● Instructions to follow: Only one stretch of the records below is wanted: the lines from the one holding "Blusa modelo 111716 Figl" through the one holding "Gebraucht Audi A8". Return it exactly, both ends included.

Dataset records START

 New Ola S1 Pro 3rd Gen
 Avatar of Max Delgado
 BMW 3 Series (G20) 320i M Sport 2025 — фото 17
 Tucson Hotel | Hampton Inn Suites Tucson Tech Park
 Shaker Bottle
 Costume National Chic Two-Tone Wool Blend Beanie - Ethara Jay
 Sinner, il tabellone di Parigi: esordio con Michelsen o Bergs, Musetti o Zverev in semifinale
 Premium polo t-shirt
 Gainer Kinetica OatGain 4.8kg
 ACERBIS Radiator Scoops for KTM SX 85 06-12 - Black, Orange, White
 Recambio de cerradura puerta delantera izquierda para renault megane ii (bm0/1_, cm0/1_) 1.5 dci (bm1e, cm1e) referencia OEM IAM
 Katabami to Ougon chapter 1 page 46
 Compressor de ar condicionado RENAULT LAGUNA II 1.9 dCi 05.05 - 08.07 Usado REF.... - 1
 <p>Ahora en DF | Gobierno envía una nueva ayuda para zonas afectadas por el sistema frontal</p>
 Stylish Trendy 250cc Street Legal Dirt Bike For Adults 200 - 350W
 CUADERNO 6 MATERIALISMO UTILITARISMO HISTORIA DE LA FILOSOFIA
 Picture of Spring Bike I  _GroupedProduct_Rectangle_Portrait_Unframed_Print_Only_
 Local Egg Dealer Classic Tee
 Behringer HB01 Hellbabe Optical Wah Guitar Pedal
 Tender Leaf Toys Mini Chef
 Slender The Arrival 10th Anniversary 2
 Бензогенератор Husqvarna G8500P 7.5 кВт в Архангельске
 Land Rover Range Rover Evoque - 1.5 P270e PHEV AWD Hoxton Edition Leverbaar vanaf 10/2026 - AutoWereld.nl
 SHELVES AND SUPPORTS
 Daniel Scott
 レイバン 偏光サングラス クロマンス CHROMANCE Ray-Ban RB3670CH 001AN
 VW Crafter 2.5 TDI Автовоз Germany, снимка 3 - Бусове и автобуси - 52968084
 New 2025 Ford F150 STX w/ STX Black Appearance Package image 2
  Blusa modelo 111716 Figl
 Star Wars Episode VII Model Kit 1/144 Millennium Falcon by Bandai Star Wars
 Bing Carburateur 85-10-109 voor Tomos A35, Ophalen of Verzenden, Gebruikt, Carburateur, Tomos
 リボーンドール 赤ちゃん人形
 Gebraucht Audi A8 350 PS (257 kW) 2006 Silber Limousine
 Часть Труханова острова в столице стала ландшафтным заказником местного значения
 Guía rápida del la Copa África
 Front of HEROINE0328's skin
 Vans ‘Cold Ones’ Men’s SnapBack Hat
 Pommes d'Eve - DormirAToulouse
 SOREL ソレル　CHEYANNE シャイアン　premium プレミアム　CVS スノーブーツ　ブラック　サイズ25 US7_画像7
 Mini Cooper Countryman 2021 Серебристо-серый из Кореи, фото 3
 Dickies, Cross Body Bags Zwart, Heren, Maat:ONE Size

Dataset records END

● Written reply:
  Blusa modelo 111716 Figl
 Star Wars Episode VII Model Kit 1/144 Millennium Falcon by Bandai Star Wars
 Bing Carburateur 85-10-109 voor Tomos A35, Ophalen of Verzenden, Gebruikt, Carburateur, Tomos
 リボーンドール 赤ちゃん人形
 Gebraucht Audi A8 350 PS (257 kW) 2006 Silber Limousine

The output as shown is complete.